Provided material:
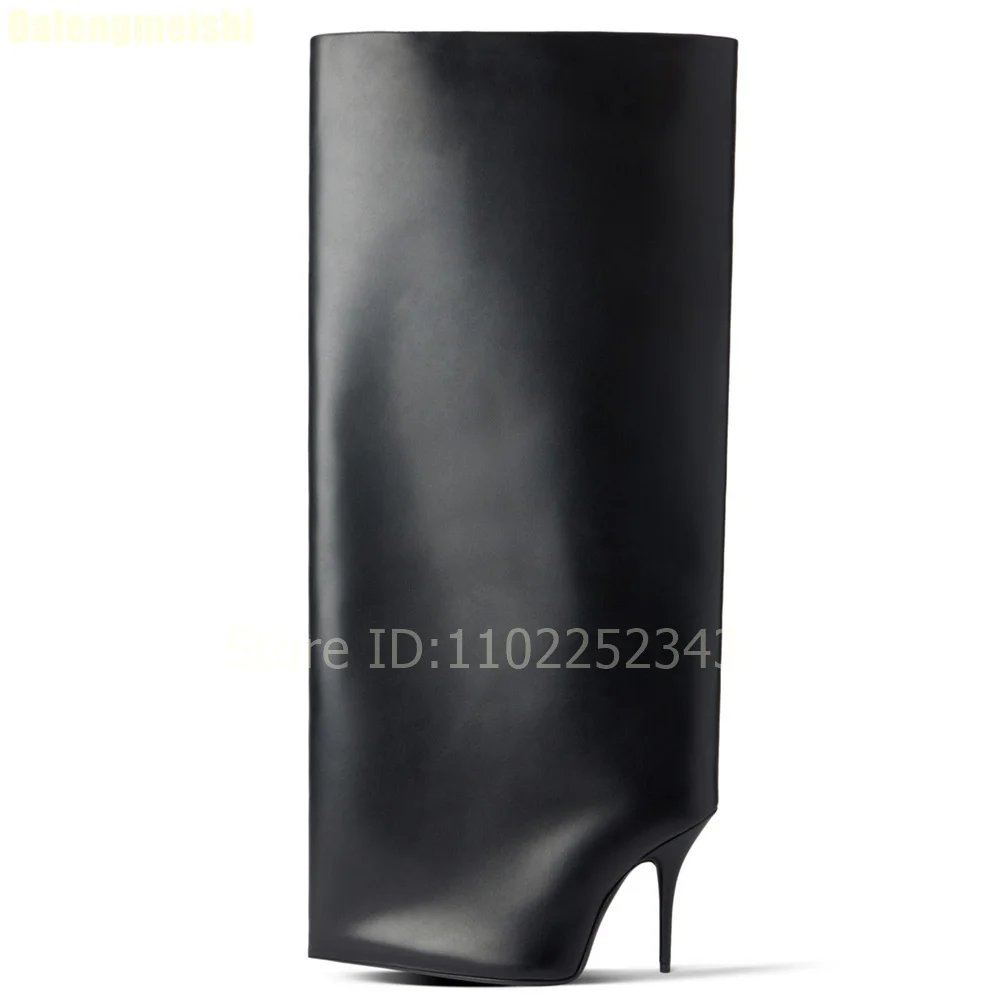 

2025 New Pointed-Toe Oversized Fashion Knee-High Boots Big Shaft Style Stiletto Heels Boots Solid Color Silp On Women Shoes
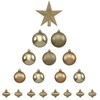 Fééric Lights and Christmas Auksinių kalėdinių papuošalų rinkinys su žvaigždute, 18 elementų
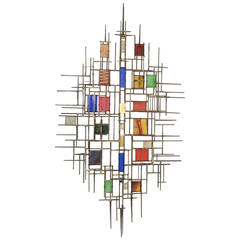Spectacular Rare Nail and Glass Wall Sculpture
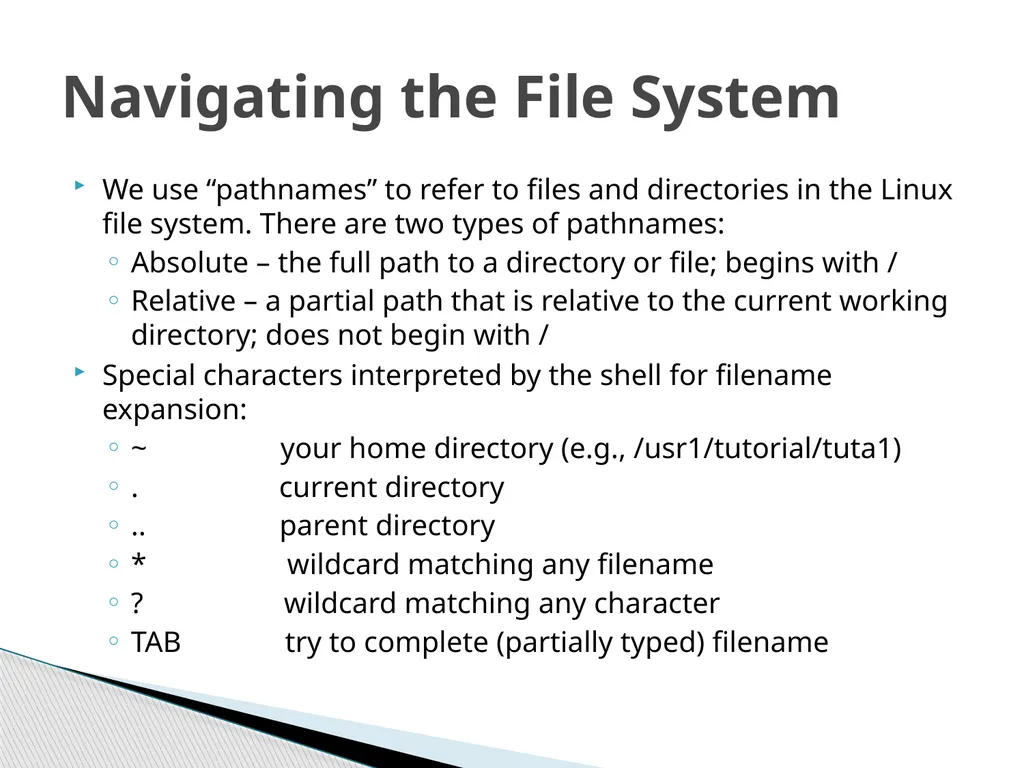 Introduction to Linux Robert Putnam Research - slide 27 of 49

Work to be completed: Restate every line of the data above word for word, with the images removed.

Your response:
2025 New Pointed-Toe Oversized Fashion Knee-High Boots Big Shaft Style Stiletto Heels Boots Solid Color Silp On Women Shoes
 Fééric Lights and Christmas Auksinių kalėdinių papuošalų rinkinys su žvaigždute, 18 elementų
Spectacular Rare Nail and Glass Wall Sculpture
 Introduction to Linux Robert Putnam Research - slide 27 of 49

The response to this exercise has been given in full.